── Data for analysis ──

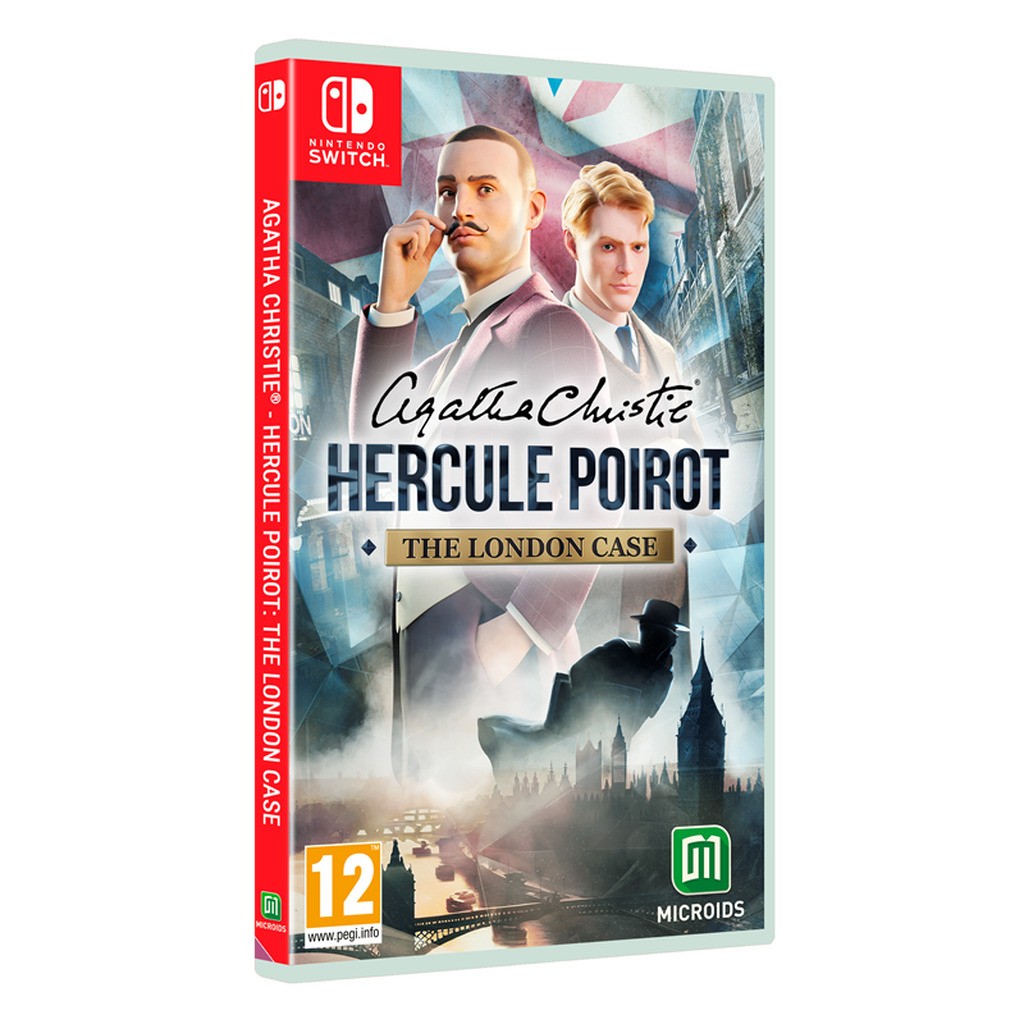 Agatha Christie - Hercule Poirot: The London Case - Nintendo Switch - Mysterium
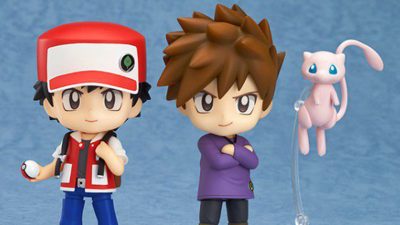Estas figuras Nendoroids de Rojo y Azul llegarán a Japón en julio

───
── Data for analysis ──

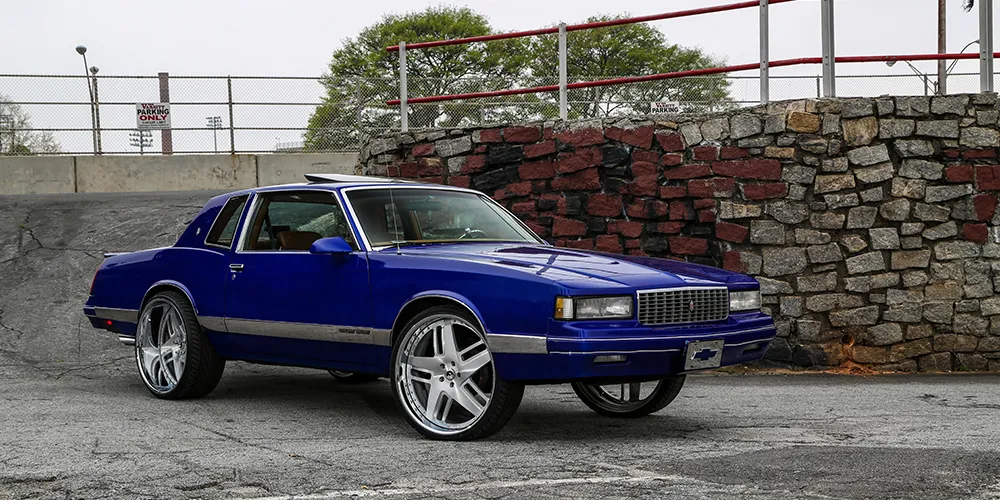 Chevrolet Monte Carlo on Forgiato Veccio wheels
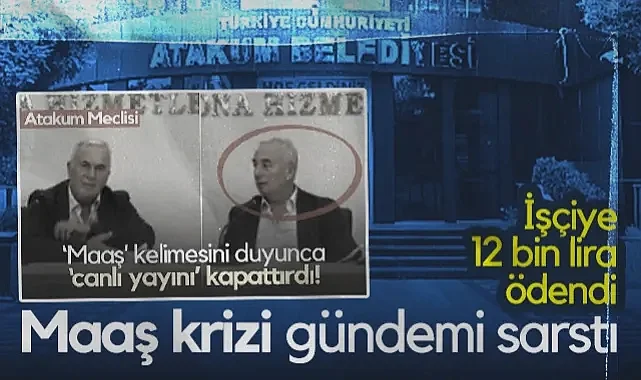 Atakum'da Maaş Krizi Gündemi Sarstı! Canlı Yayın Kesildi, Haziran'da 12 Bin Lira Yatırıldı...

───

Go back to the lines above and output, exactly as they stand, the ones from the line containing "Agatha Christie - Hercule" to the line containing "Estas figuras Nendoroids". Leave all pictures behind.

 Agatha Christie - Hercule Poirot: The London Case - Nintendo Switch - Mysterium
Estas figuras Nendoroids de Rojo y Azul llegarán a Japón en julio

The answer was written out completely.